How did Djokovic find himself playing pandemic politics in Melbourne?

The Park Hotel on Friday in Melbourne where Novak Djokovic is being detained at the state-run quarantine facility

In the words of the legendary Aussie tennis player, Rod Laver, in relation to the current Novak Djokovic debacle: “If he’s got a reason then . . . we should know it. Yes, you’re a great player and you’ve performed and won so many tournaments, so it can’t be physical. So what is the problem?”

In other words, why can’t the Serb just spell it out and explain just why he received a medical exemption to play in the Australian Open Grand Slam, due to start on 17 January?

Two independent medical panels assessed his application for exemption, which was granted. Except that there was general opinion amongst the other players that the decision was made purely on the basis that he was Novak Djokovic, tennis world no 1 and the main draw of the tournament.

Such exemptions to play in the tournament include recent major surgery or myocarditis or evidence of Covid in the previous six months.

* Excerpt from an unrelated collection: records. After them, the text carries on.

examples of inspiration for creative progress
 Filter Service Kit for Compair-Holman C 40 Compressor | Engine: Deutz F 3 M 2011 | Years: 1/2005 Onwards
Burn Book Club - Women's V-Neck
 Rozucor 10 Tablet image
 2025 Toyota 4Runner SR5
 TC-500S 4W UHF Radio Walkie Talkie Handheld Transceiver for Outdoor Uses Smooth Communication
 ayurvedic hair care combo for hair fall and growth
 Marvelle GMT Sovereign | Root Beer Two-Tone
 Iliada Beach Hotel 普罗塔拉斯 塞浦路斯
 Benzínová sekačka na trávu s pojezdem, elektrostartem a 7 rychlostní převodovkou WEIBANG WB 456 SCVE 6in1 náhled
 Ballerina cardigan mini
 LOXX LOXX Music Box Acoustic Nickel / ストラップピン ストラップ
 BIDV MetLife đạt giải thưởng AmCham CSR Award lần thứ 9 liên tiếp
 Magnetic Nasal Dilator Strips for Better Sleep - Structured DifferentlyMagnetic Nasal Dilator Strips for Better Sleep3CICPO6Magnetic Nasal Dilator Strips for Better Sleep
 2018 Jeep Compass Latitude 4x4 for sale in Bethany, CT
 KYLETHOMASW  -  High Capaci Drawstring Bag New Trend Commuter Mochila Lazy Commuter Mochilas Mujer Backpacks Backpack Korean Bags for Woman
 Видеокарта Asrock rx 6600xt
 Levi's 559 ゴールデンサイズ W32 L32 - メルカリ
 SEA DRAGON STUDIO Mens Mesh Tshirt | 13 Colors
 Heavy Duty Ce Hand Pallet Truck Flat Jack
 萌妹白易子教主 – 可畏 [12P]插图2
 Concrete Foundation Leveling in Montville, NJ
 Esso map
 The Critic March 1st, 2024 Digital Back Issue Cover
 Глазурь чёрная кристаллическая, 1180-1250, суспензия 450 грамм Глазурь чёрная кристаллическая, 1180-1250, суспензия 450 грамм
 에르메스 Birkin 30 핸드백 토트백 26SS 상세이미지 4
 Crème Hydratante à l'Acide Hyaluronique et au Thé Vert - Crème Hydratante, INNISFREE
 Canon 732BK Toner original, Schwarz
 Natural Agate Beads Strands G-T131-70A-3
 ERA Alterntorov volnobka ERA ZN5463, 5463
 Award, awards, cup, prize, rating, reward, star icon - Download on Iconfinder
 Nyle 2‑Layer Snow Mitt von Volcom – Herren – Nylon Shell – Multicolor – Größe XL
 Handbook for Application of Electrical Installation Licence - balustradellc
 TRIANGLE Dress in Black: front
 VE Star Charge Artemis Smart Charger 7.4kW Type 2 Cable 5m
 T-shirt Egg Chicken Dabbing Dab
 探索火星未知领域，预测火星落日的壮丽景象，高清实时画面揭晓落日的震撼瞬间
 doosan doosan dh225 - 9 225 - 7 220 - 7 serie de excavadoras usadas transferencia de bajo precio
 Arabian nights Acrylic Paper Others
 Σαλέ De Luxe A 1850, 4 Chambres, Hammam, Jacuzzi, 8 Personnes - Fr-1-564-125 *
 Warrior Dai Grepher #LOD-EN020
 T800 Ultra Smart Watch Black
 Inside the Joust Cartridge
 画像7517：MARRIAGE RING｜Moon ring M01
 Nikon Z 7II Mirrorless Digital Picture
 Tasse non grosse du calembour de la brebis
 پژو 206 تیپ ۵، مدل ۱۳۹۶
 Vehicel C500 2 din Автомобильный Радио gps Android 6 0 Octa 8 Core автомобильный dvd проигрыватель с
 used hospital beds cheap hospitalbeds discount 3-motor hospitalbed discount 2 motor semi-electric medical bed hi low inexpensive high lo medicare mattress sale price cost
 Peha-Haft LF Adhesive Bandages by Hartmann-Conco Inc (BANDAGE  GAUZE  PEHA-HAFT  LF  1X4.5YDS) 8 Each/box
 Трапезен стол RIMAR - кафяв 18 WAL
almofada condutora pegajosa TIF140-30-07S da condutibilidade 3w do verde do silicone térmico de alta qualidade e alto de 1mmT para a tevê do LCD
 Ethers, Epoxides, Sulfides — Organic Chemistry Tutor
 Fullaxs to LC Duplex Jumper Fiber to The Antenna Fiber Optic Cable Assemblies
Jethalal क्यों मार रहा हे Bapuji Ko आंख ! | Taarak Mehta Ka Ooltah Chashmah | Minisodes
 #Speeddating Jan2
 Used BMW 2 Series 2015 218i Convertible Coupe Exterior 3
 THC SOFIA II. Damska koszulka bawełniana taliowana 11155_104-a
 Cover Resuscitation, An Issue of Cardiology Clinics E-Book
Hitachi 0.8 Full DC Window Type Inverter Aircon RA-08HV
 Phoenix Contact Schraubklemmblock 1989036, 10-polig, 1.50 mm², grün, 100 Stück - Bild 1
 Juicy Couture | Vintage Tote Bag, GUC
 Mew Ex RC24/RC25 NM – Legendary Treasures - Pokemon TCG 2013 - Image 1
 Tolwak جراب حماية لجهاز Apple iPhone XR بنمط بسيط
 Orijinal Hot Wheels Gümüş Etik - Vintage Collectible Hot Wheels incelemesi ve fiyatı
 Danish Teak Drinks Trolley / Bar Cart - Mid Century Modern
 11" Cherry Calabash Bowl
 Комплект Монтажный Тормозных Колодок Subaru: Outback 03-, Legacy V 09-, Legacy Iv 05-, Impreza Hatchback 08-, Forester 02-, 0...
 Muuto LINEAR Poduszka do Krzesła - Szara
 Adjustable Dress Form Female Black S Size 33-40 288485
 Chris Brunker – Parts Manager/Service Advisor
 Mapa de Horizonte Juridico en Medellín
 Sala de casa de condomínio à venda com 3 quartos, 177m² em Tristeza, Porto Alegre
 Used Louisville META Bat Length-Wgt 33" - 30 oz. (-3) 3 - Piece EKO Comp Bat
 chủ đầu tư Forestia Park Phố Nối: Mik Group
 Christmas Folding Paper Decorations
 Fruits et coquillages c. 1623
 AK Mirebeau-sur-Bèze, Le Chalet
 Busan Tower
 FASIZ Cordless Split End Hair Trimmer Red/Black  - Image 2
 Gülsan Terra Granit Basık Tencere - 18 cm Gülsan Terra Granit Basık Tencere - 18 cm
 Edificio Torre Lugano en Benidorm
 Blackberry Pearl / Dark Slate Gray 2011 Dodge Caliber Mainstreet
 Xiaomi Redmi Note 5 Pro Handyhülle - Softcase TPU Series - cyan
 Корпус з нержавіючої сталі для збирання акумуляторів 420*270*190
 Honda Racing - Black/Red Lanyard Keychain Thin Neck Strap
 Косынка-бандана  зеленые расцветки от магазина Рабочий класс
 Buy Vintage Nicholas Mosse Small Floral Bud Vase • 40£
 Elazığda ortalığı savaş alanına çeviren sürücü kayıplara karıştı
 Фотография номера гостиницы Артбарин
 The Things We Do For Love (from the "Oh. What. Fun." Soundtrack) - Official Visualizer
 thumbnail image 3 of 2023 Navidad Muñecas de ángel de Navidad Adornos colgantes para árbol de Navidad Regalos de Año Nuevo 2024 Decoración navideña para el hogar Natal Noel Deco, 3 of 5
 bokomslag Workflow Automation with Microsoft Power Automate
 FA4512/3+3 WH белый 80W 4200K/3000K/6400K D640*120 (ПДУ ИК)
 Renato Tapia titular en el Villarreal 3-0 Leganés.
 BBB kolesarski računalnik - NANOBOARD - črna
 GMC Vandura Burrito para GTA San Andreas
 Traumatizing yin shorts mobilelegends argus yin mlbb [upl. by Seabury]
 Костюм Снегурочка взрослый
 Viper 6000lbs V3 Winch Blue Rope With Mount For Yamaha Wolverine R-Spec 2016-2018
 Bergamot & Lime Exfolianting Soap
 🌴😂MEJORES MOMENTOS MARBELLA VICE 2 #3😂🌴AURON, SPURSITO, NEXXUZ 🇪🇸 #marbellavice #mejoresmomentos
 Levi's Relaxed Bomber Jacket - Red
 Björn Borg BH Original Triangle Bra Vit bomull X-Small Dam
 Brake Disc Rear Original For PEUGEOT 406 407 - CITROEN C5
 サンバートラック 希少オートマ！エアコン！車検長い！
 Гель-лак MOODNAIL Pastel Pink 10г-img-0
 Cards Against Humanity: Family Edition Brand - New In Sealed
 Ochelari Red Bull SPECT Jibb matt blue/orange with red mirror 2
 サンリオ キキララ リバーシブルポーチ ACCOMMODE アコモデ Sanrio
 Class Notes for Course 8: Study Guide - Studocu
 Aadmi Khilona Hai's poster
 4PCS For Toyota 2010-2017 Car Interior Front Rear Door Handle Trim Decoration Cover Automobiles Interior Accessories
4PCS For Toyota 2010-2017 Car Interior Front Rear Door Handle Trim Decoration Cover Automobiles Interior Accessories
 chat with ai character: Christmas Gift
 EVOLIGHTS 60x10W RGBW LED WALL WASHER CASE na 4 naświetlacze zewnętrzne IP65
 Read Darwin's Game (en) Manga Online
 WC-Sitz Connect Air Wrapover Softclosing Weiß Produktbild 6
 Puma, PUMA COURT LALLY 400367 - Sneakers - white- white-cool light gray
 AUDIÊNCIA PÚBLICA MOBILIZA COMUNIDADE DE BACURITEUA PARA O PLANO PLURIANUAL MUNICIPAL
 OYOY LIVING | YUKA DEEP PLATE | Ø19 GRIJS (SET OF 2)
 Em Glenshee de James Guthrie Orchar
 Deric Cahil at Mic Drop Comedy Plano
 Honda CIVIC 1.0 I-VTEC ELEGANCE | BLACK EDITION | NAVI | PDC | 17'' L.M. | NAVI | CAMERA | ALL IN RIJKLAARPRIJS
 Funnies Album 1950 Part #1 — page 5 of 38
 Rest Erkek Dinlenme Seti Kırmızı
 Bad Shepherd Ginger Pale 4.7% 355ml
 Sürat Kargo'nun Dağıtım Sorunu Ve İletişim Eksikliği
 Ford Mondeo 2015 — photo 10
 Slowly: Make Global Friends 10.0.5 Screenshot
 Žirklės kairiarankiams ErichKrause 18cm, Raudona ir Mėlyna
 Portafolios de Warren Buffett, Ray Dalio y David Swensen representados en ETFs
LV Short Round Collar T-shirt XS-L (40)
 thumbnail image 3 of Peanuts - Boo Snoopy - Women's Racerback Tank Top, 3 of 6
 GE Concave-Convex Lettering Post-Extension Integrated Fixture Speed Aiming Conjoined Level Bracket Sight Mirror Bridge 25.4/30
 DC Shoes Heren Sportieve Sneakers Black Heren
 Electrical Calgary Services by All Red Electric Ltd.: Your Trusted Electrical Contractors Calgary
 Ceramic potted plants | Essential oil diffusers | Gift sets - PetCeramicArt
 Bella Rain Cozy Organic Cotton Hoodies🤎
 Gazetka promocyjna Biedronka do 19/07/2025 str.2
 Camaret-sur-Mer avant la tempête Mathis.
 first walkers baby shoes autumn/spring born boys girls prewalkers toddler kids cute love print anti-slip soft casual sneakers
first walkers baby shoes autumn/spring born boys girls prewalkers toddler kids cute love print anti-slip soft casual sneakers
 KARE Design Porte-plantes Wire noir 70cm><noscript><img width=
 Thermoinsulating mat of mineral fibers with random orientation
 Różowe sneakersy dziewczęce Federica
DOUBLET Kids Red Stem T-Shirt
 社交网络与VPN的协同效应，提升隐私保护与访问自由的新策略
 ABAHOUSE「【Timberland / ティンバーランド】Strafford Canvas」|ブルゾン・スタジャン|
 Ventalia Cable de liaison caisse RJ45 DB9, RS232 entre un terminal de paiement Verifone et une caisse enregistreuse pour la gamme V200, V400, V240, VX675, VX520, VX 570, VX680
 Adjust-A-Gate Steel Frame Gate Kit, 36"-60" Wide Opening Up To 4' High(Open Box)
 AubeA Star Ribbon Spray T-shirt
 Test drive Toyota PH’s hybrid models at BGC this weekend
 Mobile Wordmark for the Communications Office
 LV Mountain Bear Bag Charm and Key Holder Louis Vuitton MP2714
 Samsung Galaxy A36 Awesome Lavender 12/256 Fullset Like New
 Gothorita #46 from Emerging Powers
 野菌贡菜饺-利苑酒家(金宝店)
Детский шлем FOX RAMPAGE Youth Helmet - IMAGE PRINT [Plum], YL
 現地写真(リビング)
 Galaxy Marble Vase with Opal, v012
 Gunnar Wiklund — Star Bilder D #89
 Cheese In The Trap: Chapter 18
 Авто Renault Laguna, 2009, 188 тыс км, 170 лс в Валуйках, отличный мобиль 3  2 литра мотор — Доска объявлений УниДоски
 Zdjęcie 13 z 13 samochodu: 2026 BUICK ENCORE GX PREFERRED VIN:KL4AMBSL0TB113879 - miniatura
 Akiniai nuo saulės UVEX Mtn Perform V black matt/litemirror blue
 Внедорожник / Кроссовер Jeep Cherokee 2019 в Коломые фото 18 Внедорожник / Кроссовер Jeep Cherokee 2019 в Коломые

Novak’s lawyers have stated that he contracted the virus on 16 December, hence that exemption by Tennis Australia. It’s rather odd that he didn’t just announce that. Why all the secrecy? After all, it’s not the first time he’s contracted Covid. Perhaps it has something to do with the fact that he was snapped handing out awards to young players at an event in Belgrade and posing maskless for pictures with them on 17 December.

On arrival in Australia last week, Novak was refused entry by border control and is now holed up in a Melbourne detention centre, awaiting a decision, expected tomorrow. It seems that Tennis Australia didn’t consult the immigration authorities on the matter and they are now at loggerheads. But there is also the suggestion that Djokovic’s team appeared to have applied for the wrong visa. It’s all rather confusing.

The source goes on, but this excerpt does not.